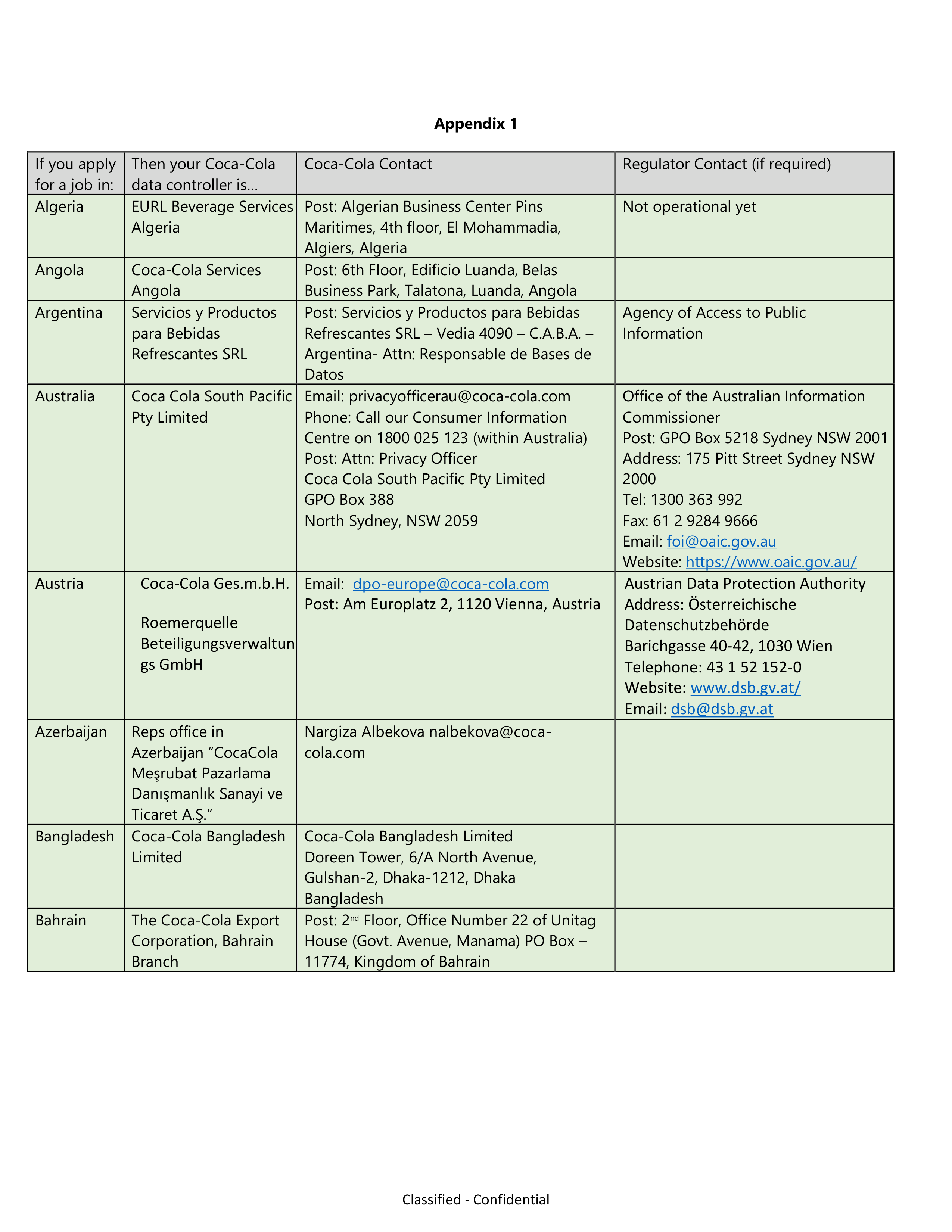 Coca-Cola Applicant Privacy Notice — page 25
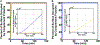 FIGURE 2 |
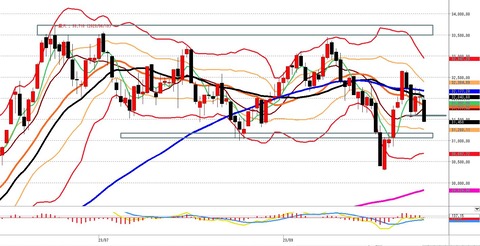 1019前場の日足チャート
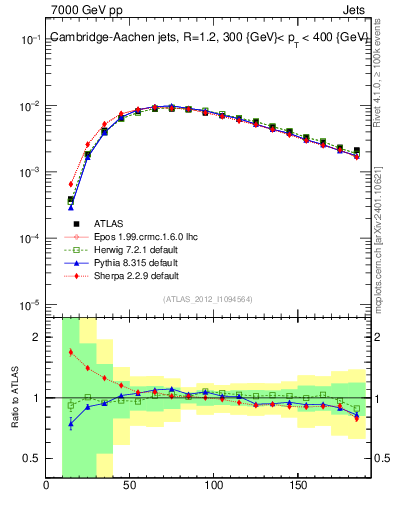 Plot of j.m in 7000 GeV pp collisions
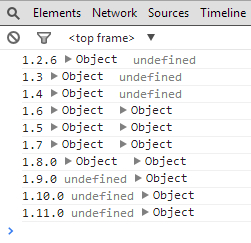 浅谈 jQuery 事件源码定位问题3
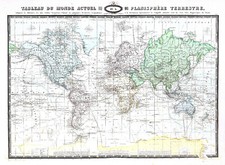 Mappa del tableau usato  Reggio Emilia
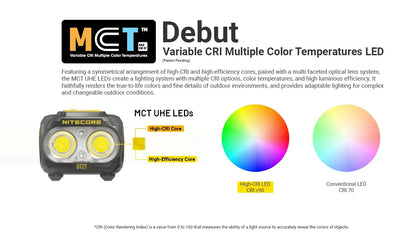 Nitecore UT27 Headlamp 800 Lumens - 1 HLB1500 Battery - 3 Color Temperatures - High CRI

________________________________________

Your goal: None of the pictures belong in the copy; transcribe the rest of the data exactly.

Result of this task:
 Coca-Cola Applicant Privacy Notice — page 25
 FIGURE 2 |
 1019前場の日足チャート
 Plot of j.m in 7000 GeV pp collisions
 浅谈 jQuery 事件源码定位问题3
 Mappa del tableau usato  Reggio Emilia
 Nitecore UT27 Headlamp 800 Lumens - 1 HLB1500 Battery - 3 Color Temperatures - High CRI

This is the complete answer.